На самом деле причин было много. Во-первых, дурная наследственность. Мать Слуцкого страдала тяжелым склерозом.
Сам рассказывал. Ее привезли в Москву. Слуцкий снял ей дачу на Николиной горе. Однажды, прогуливая мать, встретил Людмилу Ильиничну Толстую, вдову Алексея Николаевича. Поздоровались. Поговорили. Когда расстались, мама сказала:
– А Софья Андреевна еще совсем неплохо выглядит.
Главной болезни Слуцкого способствовали побочные. Осколок в спине, причинявший ему боли. Простуда лобных пазух, полученная на войне, в результате которой была тяжелая операция (шрамик между лбом и носом) и тяжелейшая многолетняя бессонница. Слуцкий не спал годами. Рано выезжал в Коктебель. Купался в ледяной воде. Немного помогало.
А главная причина ускорившейся болезни – постоянное напряжение. Он напрягался всю жизнь. К докторам ходил редко – за снотворным. О болезнях не говорил. На вопрос о самочувствии коротко отвечал: «Плохо».
Несколько лет тяжело болела Таня. Однажды сказал:
– В семье должен быть один больной человек. – Этим больным была Таня.
Смерть жены тяжело на нем сказалась. Он был глубоко к ней привязан. Не из-за комфорта, ухода и прочего. Этого в доме не было, хоть и был достаток. Он просто ее любил.
В ответ на его обычное:
– Ну как твои романы и адюльтеры? – спросил однажды:
– А у тебя есть романы и адюльтеры?
Ответил: «Есть!». Однако развивать эту тему не стал. Может, и были, но он твердо и преданно любил Таню. Их отношений я не знаю. Однажды неожиданно сказал:
– Я сказал Таньке: изменишь – прогоню.
Что-то, может быть, и было. Не знаю.
Во время последней болезни сказал мне:
– После смерти Таньки я написал двести стихотворений и сошел с ума.

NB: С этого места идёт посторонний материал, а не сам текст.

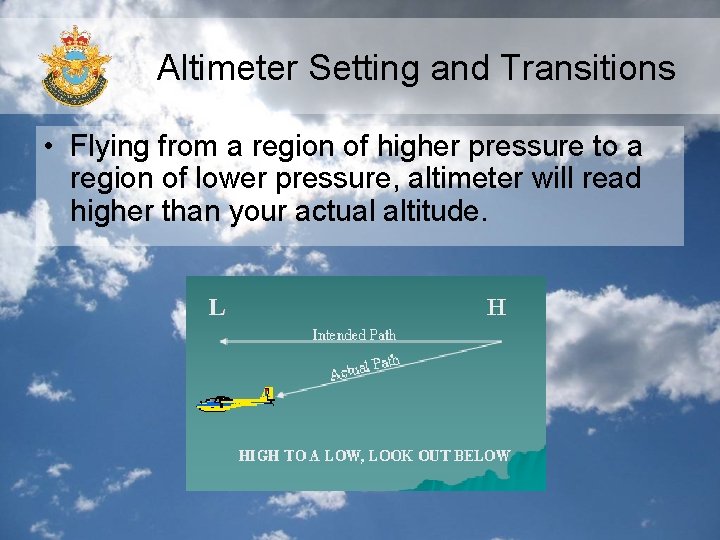 Altimeter Setting and Transitions • Flying from a region of higher pressure to a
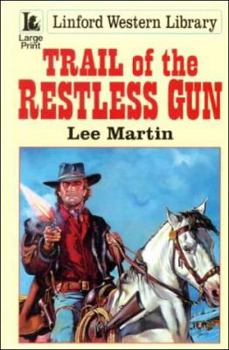 Paperback Trail of the Restless Gun [Large Print] Book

Это последнее напряжение окончательно сломило его здоровье.
Он не сошел с ума. Он не был лишенным ума. Ум остался. Была тяжелая душевная болезнь. Вот и гадай теперь, где помещается душа.
В характере его, как это и положено по классической схеме болезни, происходили заметные изменения. Например, он стал тревожиться о своем финансовом будущем, бояться бедности. Это ему не грозило, но он постоянно при посещениях говорил об этом. Это была не скупость, а еще более обострившееся чувство независимости, боязни за независимость.